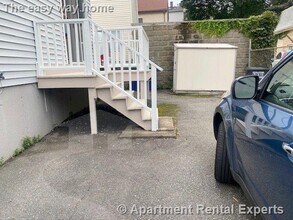 66 Cedar St in Somerville, MA - Building Photo - Building Photo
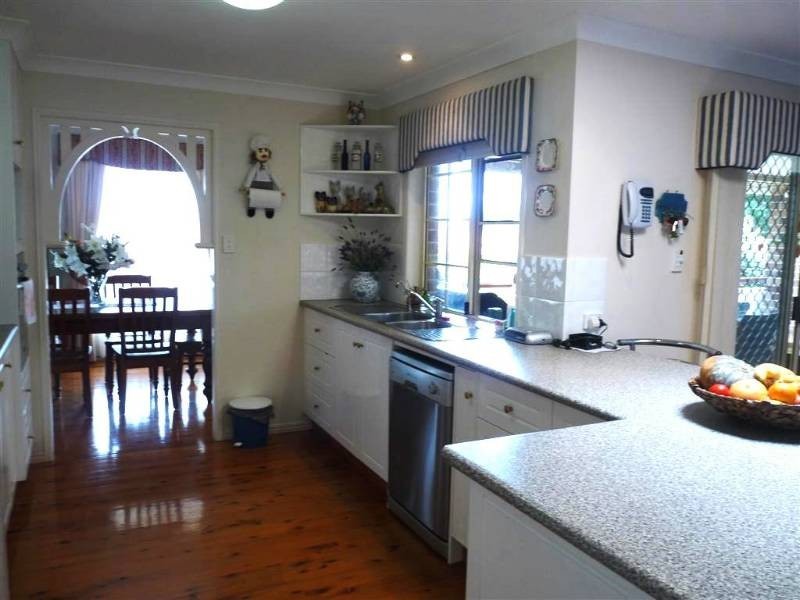 18 Viewfield Street, Redland Bay QLD 4165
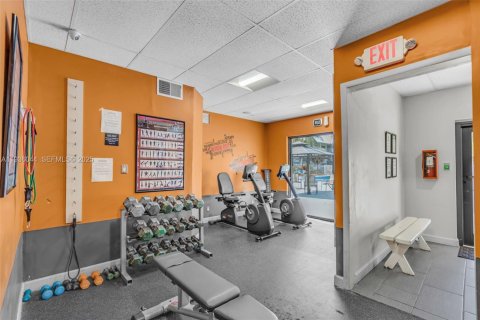 Купить кондоминиум в Холливуд, Флорида 2 спальни, 89.28м2, № 1994161 - фото 28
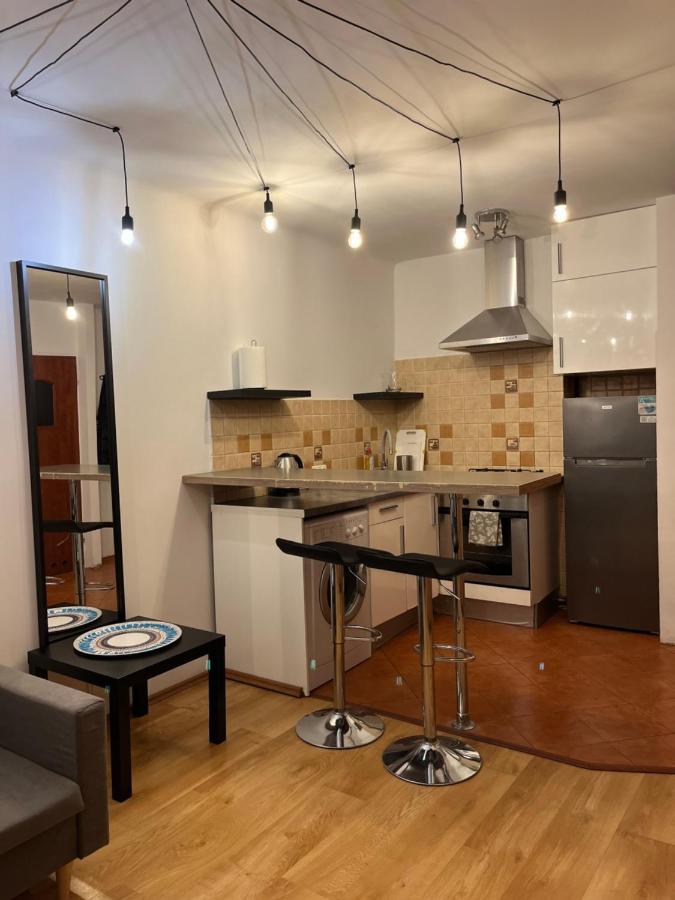 Murano Apartaments Atrium Varşovia Exterior foto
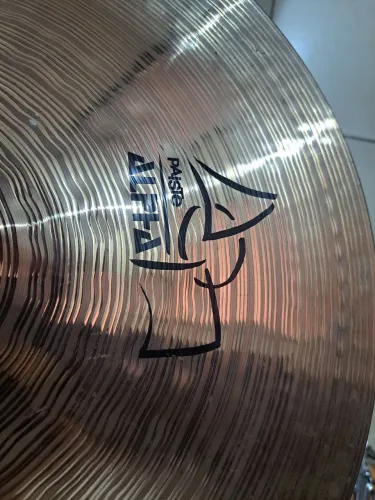 Prato de bateria China 18" Paiste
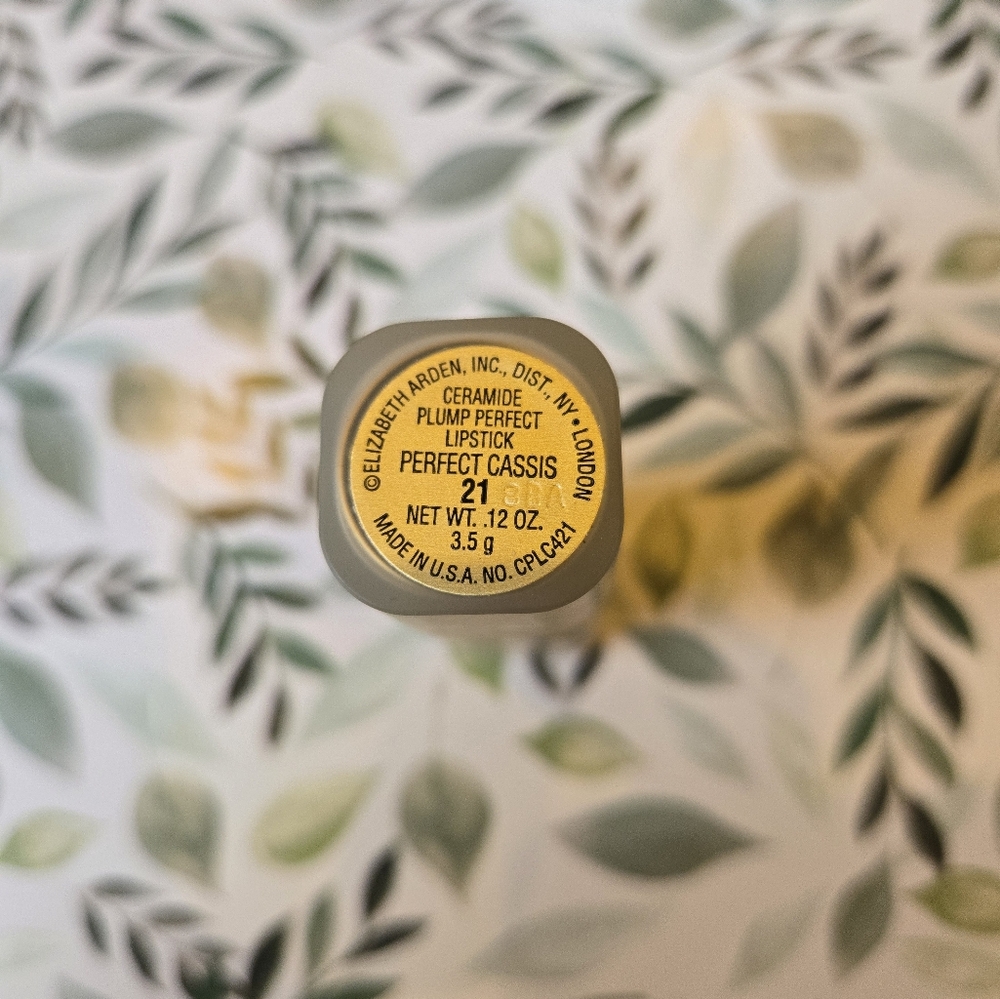Holiday BOGO! Elizabeth Arden Ceramide Plump Perfect Lipstick - Cassis #21 (NIB) - Picture 3 of 4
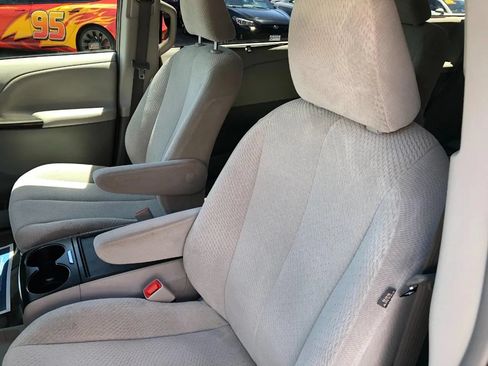 Used 2012 Toyota Sienna LE FWD image 12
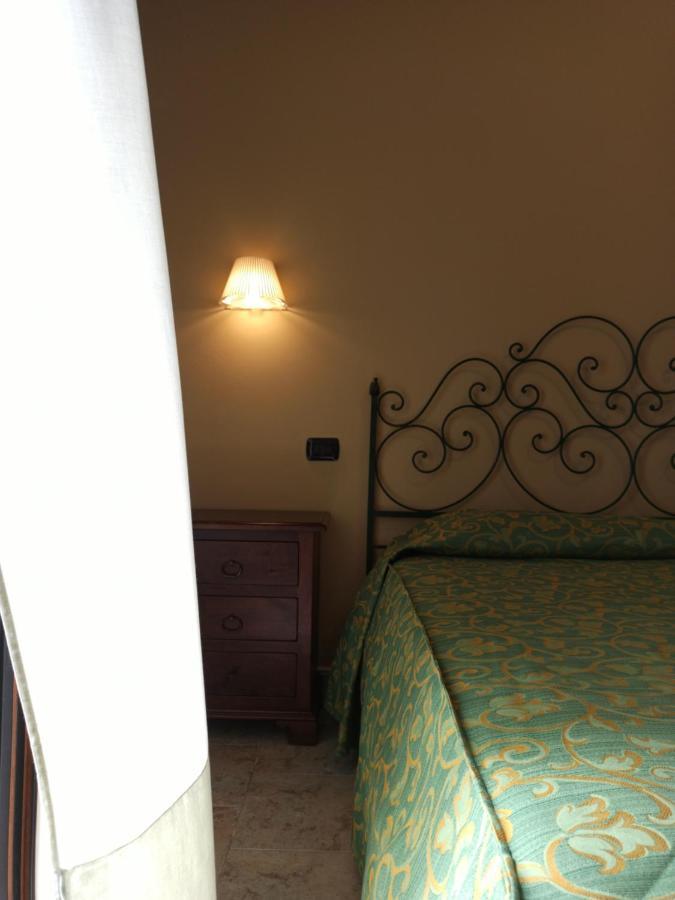 Hotel Primavera Dell'Etna Zafferana Etnea Kültér fotó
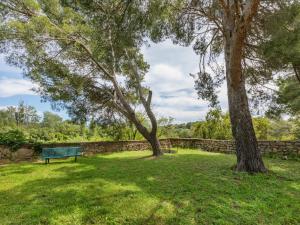 Appartements Apartment with pool amid vineyards and near the beach : photos des chambres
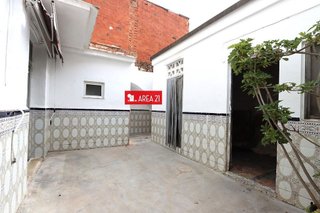 Chalet en venta en Núcleo Urbano en Pobla de Vallbona (la)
━━━━━━━━━━━━━━━━━━━━━━━━━━━━━━
(Instructions for the task):
Write out, word for word, the line containing "18 Viewfield Street, Redland Bay QLD 4165" and each line after it to the end of the data, and nothing more. Drop the pictures.

(The answer):
 18 Viewfield Street, Redland Bay QLD 4165
 Купить кондоминиум в Холливуд, Флорида 2 спальни, 89.28м2, № 1994161 - фото 28
 Murano Apartaments Atrium Varşovia Exterior foto
 Prato de bateria China 18" Paiste
Holiday BOGO! Elizabeth Arden Ceramide Plump Perfect Lipstick - Cassis #21 (NIB) - Picture 3 of 4
 Used 2012 Toyota Sienna LE FWD image 12
 Hotel Primavera Dell'Etna Zafferana Etnea Kültér fotó
 Appartements Apartment with pool amid vineyards and near the beach : photos des chambres
 Chalet en venta en Núcleo Urbano en Pobla de Vallbona (la)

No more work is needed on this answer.